FIG. 1 is a block diagram of a high-order FIR digital filter based on protocol computation according to an embodiment of the present invention;

Fig. 2 is a block diagram of a hard-wired module in a high-order FIR digital filter based on protocol computation according to an embodiment of the present invention.

Fig. 3 is a block diagram of a single summing node input/output within a higher order FIR digital filter based on protocol computation according to an embodiment of the present invention.

Detailed Description

The technical scheme of the present invention will be described in more detail with reference to the accompanying drawings, and the present invention includes, but is not limited to, the following examples.

The invention aims to provide a high-order FIR digital filter based on protocol calculation, which comprises a combination module, a lookup table, a broadcasting module, a Gate node, a pipeline module, a hard-wired module, an addition node and a buffer module.

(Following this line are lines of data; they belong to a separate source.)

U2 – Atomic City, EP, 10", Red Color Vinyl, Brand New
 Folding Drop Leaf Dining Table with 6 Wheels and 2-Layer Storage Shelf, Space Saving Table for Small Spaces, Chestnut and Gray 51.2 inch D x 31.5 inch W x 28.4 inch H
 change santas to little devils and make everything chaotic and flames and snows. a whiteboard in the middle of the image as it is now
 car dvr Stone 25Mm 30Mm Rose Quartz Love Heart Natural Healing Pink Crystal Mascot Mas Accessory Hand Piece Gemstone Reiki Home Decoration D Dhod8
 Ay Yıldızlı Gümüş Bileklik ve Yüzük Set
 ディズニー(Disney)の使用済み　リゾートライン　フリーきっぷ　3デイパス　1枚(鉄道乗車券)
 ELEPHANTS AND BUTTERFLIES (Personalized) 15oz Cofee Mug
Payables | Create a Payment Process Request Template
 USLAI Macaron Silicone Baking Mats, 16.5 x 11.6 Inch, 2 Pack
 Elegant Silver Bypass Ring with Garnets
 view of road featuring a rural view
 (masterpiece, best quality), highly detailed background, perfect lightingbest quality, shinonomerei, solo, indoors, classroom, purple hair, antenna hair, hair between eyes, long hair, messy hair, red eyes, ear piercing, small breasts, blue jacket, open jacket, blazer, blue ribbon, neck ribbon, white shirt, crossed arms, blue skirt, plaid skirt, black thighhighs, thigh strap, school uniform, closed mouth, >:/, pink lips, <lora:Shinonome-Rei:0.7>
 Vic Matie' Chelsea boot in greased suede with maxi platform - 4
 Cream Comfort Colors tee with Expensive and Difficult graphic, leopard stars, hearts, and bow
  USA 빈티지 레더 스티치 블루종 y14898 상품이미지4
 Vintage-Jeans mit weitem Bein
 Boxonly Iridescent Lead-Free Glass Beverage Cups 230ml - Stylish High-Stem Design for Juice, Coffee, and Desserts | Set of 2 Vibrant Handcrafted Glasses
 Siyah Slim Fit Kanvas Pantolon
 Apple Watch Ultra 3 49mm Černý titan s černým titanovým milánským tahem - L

The combination module combines the sampling point X _i+n under the new sampling period with the sampling point X _i+n-1,...,X_i+2,X_i+1 of the previous n-1 sampling periods by n items, the operation is equivalent to a shift register group with the length of n, the sampling point X _i+n under the new sampling period enters from the lower side of the shift register group, the sampling point of the corresponding previous n-1 sampling periods slides upwards by 1 length, X ₀ slides upwards out of the shift register group, and for the binary random coefficient of the filter, the binary coefficient of the filter with the original length of m is grouped into n items according to the sequence from left to right.

The lookup table combines n terms of the sampling point X _i+n in the new sampling period with the sampling point X _i+n-1,...,X_i+2,X_i+1 in the first n-1 sampling periods, and then calculates 2 ⁿ possible partial sums formed by n-bit binary numbers through reduction.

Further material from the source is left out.